# ABOUT THIS EXERCISE
Beneath this instruction is a listing; print exactly the lines in it starting at the line that contains "Dilo Casual Plain Wide Short Pants" and going through the line that contains "Chargeworx 20000mAh TRIPLE".

# MATERIALS PROVIDED
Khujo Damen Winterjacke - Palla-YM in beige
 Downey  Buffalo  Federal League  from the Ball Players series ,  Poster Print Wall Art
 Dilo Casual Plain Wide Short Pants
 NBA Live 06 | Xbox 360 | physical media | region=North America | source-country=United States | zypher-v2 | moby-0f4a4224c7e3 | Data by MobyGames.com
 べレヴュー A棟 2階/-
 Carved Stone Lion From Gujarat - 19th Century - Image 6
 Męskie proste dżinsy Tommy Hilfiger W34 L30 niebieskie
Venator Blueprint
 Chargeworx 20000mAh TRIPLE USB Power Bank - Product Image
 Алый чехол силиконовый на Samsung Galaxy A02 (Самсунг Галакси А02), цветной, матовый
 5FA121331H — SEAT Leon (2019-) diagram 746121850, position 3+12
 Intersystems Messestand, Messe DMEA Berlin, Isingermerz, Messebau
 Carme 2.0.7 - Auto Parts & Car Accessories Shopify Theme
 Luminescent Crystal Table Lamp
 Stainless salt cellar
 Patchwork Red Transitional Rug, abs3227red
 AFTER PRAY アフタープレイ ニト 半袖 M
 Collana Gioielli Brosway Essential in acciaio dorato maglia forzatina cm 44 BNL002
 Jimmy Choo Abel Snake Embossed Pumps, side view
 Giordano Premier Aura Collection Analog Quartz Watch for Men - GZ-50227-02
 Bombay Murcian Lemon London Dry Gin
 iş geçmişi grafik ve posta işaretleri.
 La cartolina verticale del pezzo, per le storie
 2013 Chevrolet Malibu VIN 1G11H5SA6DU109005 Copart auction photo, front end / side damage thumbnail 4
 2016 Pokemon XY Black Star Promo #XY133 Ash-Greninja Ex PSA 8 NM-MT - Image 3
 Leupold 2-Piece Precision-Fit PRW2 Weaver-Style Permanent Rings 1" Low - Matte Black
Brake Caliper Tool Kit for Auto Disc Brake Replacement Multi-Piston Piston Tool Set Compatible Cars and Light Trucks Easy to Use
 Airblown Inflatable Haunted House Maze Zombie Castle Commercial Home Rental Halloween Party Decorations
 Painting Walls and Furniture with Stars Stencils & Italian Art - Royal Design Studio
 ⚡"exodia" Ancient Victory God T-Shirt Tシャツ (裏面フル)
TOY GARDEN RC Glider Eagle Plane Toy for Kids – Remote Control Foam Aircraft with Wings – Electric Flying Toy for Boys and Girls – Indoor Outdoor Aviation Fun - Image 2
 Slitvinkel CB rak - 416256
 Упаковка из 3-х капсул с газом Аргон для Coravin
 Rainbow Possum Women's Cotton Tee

# TASK OUTPUT
 Dilo Casual Plain Wide Short Pants
 NBA Live 06 | Xbox 360 | physical media | region=North America | source-country=United States | zypher-v2 | moby-0f4a4224c7e3 | Data by MobyGames.com
 べレヴュー A棟 2階/-
 Carved Stone Lion From Gujarat - 19th Century - Image 6
 Męskie proste dżinsy Tommy Hilfiger W34 L30 niebieskie
Venator Blueprint
 Chargeworx 20000mAh TRIPLE USB Power Bank - Product Image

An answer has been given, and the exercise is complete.